Il fondo documentario sui restauri di fine Ottocento in Cattedrale, recentemente acquisito alle sue collezioni storico-artistiche dalla Banca di Piacenza (ed a meno che altri documenti siano rimasti, o siano stati tenuti, finora celati), risolve il problema: i matronei furono aperti durante i restauri del beato Vescovo (che, prima dell’inizio degli stessi, aveva – esattamente ai primi del 1894 – lanciato un appello per i restauri possibili “perché, grazie a Dio, quel fervore di religione che lo innalzò, non è, nella nostra Piacenza, affievolito”). Ed è proprio confortati dal coraggio della fede, allora ben fondato, che nulla si nascose, tutto si illustrò e spiegò, alla luce di quello storicismo che sempre, comunque, ci deve assistere ogni volta che ci voltiamo indietro.
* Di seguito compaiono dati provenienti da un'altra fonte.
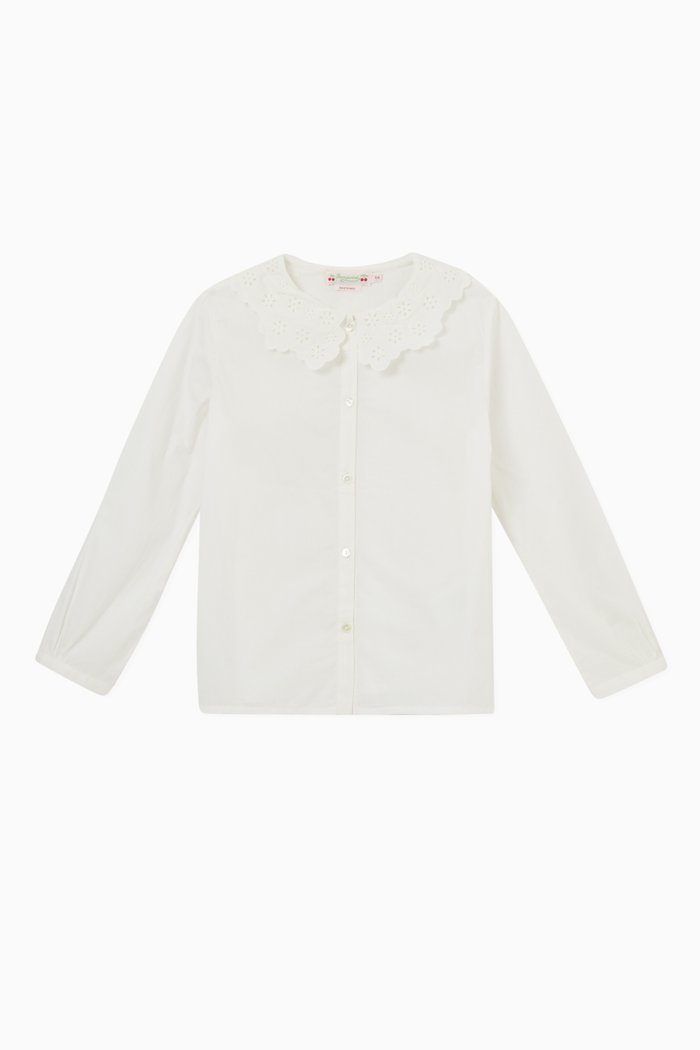 Brune Blouse in Cotton, White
La scoperta dei matronei nel “laudabile templum” (come dice il distico del 1122 sulla facciata della Cattedrale) fu dunque fatta – risulta così accertata nel Fondo Banca di Piacenza – il 9 marzo del 1901, dall’ing. Ettore Martini (1870-1960), che – oltre ad aver restaurato San Savino – fu il collaboratore primo di Camillo Guidotti (1853-1925) nei restauri, appunto, del Duomo (aveva 31 anni, contro i 48 del secondo) (cfr. Novissimo Dizionario biografico piacentino, Banca di Piacenza, 2018, ad voces). “Scoperta Matronei”, scrisse (entusiasta) Martini il giorno dopo la scoperta. E, in effetti, in allora, si parlò subito e solo – senza esitazione alcuna – di “scoperta”, avvenuta essendosi l’ingegnere accorto, nell’assistere ai lavori per scrostare un muro, della presenza di “mattoni speciali”, caratterizzati da una “estremità a semicerchio”. E fu ciò che portò ad accorgersi di una novità che avrebbe portato a constatare di trovarsi di fronte a linee architettoniche diverse “delle due braccia della traversa”. In sostanza: 8 matronei, 4 da una parte e 4 dall’altra, nella “maggiore nave” (navata). L’ing. Martini ricevette subito le più vive congratulazioni da Guidotti, due volte contento: per la scoperta, e perché essa ben si inquadrava nella logica che ispirò i restauri scalabriniani (oggi, non sarebbe così), quella di rimettere la chiesa, il più che fosse possibile, nel pristino stato. E questa narrazione l’ing. Martini ribadì in una lettera dell’aprile (la cui minuta è presente nel fondo della Banca), solo fissando all’8 marzo sera (anziché al 9) la scoperta, anche ricordando un incontro – svoltosi nell’immediatezza – con l’avv. Carolippo Guerra (1829-1911, ivi), uno dei protagonisti dei restauri e di un Manzotti (non meglio identificato, non presente sul dizionario precitato, ma con ogni probabilità legato alla stirpe dei famosi fotografi originari di Reggio Emilia).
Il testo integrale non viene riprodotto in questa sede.